No pension scheme allows pensioners to live the same standard of expenditure as when the workers are in full employment. Pension is not a substitute payment of salaries and allowances, but merely compensation. Especially, public service cannot be saddled with huge pension payments for numerous former office holders in an age when people live for longer years, many pensioners move into other jobs and retirement can be a transition and not an end.
Former governors and former deputies as pensioners cannot be supported to carry on with unbridled use of public monies to finance hangers-on, party hacks who live on them. Nor should former governors be supported to maintain a glamorous, exorbitant life style that the current political system orders. More than two out of three serving governors are below sixty years old. Improved life style and health today translates into longer life for this group of people. A governor who lives office after two terms can expect to live till about 80, meaning some 15 years of pensionable remuneration for governor and deputy.
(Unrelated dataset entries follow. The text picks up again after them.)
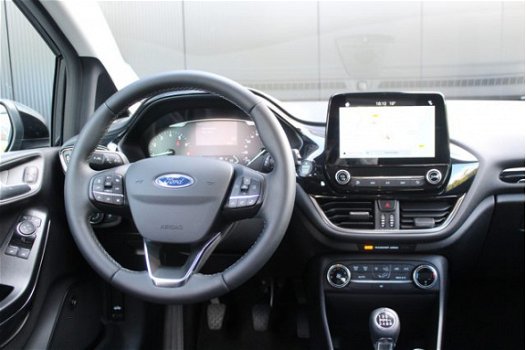 Ford Fiesta - 1.0 100pk Titanium / B&O / ADAPTIEVE CRUISE - 1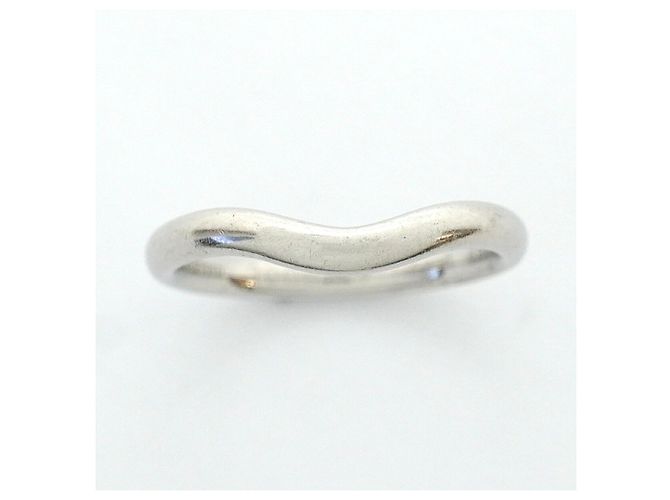 Anel Curved Band Tiffany & Co. em Platina - vista 2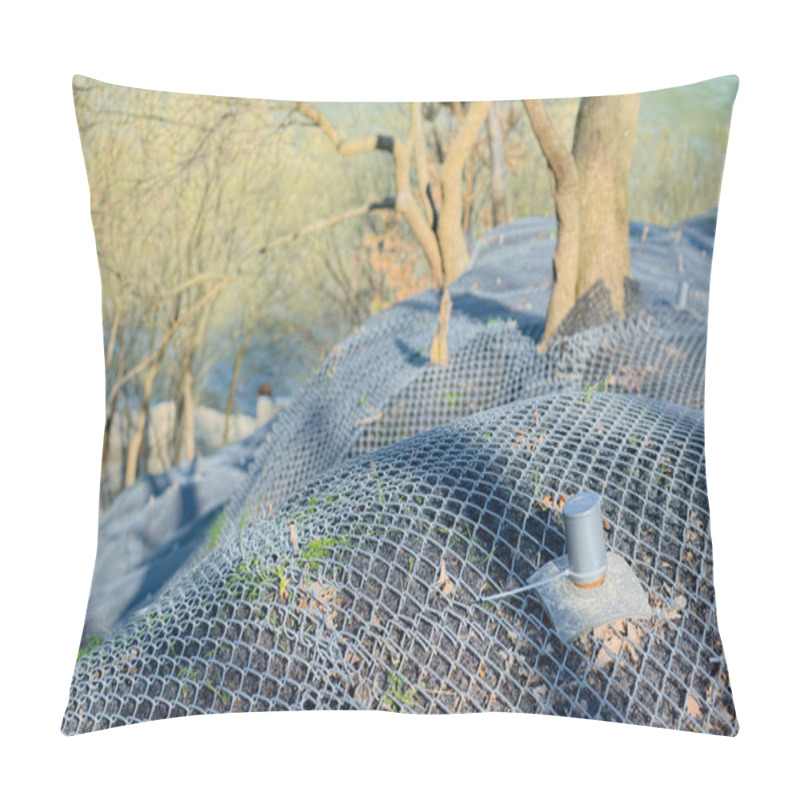 Personality  Mountain Slope Reinforced Metal Mesh Pillow Covers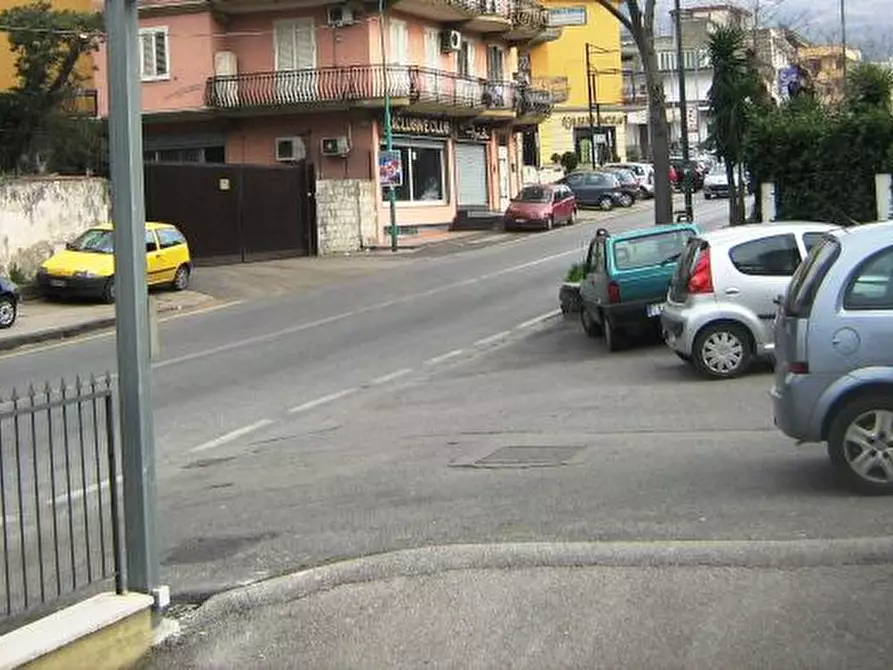 Immagine 7 di Locale commerciale in vendita  in via nazionale delle puglie a Aiello Del Sabato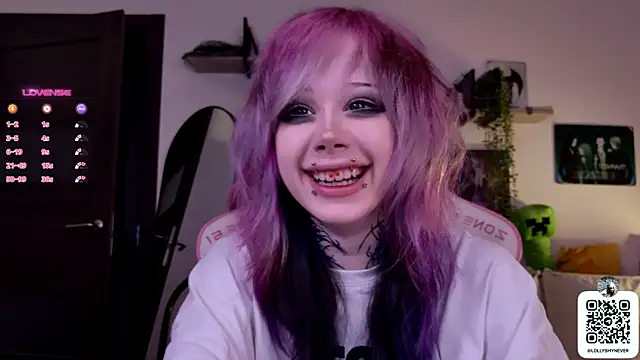 Snapshot of Lollyshy chatting on September 19, 2025, 11:55 am Lollyshy online show from September 19, 2025, 11:55 am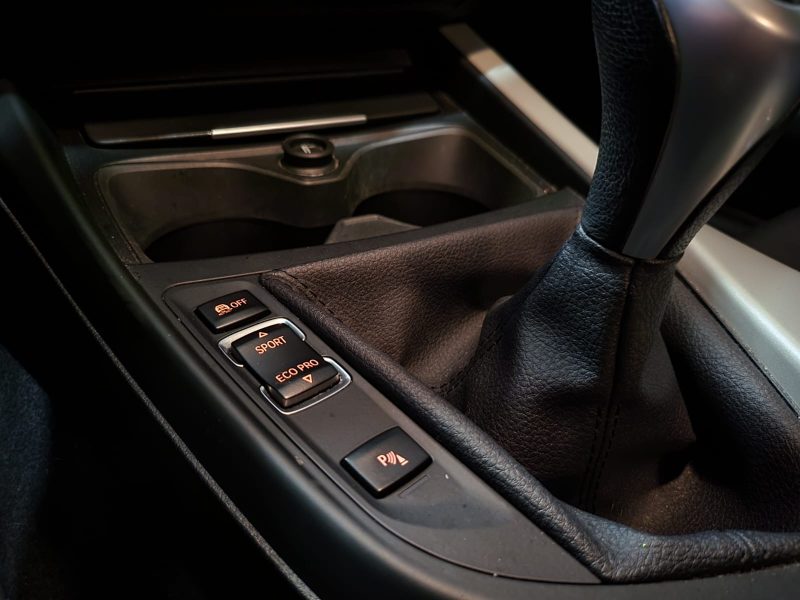 BMW SERIE 1 (F20) 118 i BVM6 136cv BUSINESS / PHARES LED / GPS / RADAR AV ET AR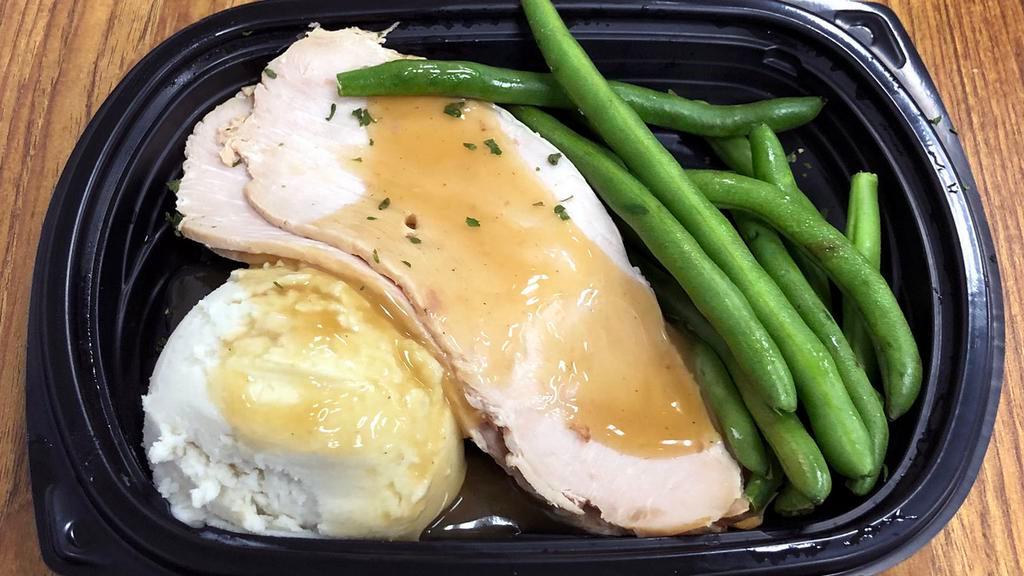 Turkey Breast With Veggies Meal · Store roasted turkey breast with mashed potatoes, gravy and green beans.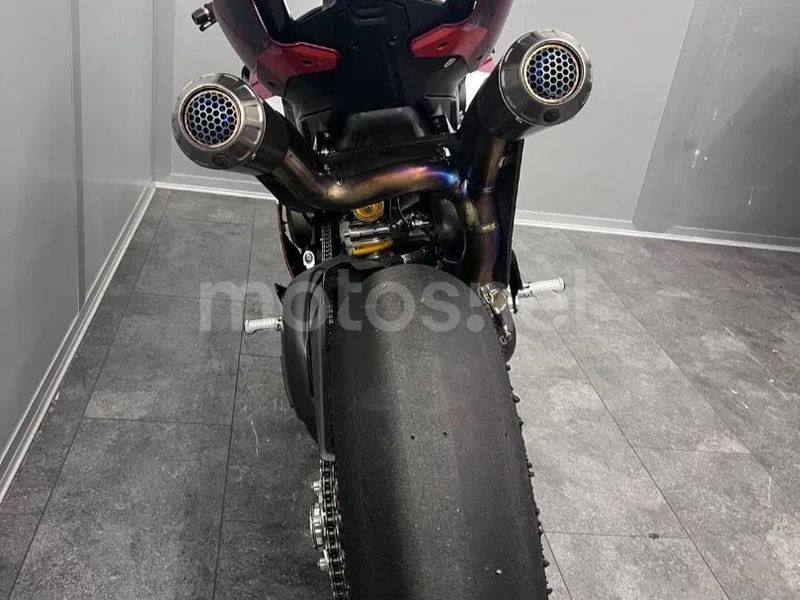 Ducati Panigale V4 - Vista 5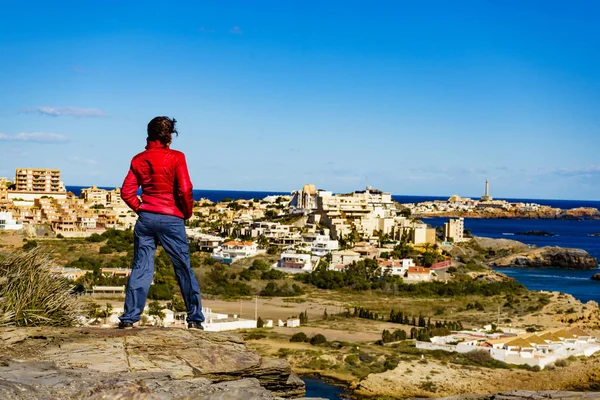 西班牙海岸旅游妇女 — 图库照片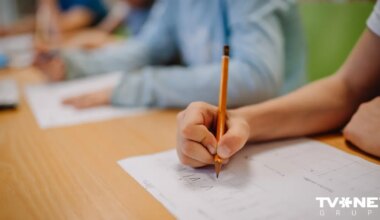 no eksāmeniem atbrīvoto skolēnu skaits izrādās krietni mazāks par sākotnēji lēsto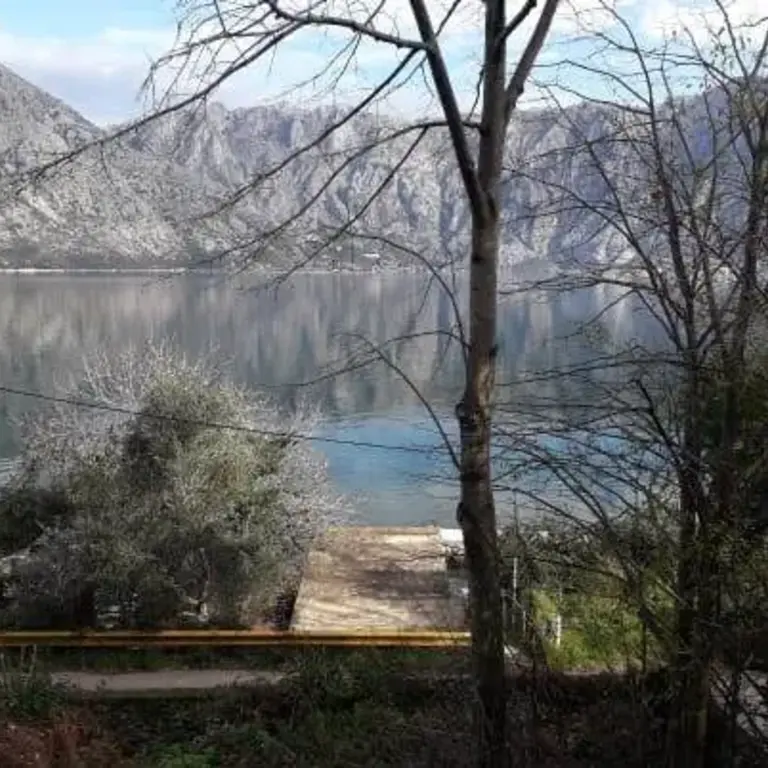 Zemljiste se nalazi na prvoj liniji do mora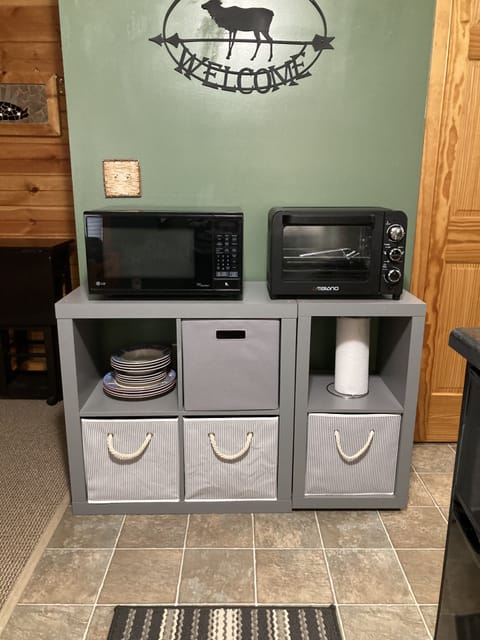 Kitchenette micro and oven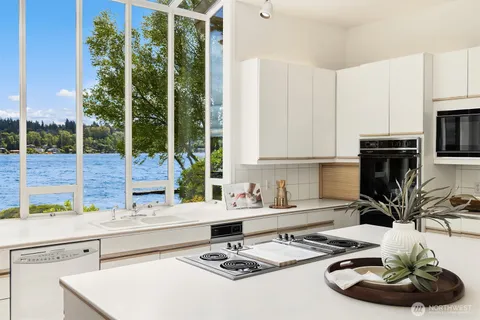 $5,895,000 | 5412 96th Avenue Southeast, Mercer Island, WA 98040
A retirement and pension scheme for governors should start from the assumption of office with a structured preparation on emotional, stress, boredom management after service. Also training on physical and material well being adjustment that has to be made. It is not all about money, cars, large homes, as the NGF in Port Harcourt revealed.
It behooves on leaders to give true meaning to leadership. Leaders should not be content with making money to be shared in droplets to the poor. Leadership should seek to elevate society as a whole and reduce the dependence of most people on the few. Governors should lead an improvement of the retirement and pension scheme for all public officers and not just fix better post office life for governors and political office holders.
Bunmi Makinwa is a communication for leadership entrepreneur based in South Africa and Nigeria. He was Africa Regional Director of United Nations Population Fund (UNFPA).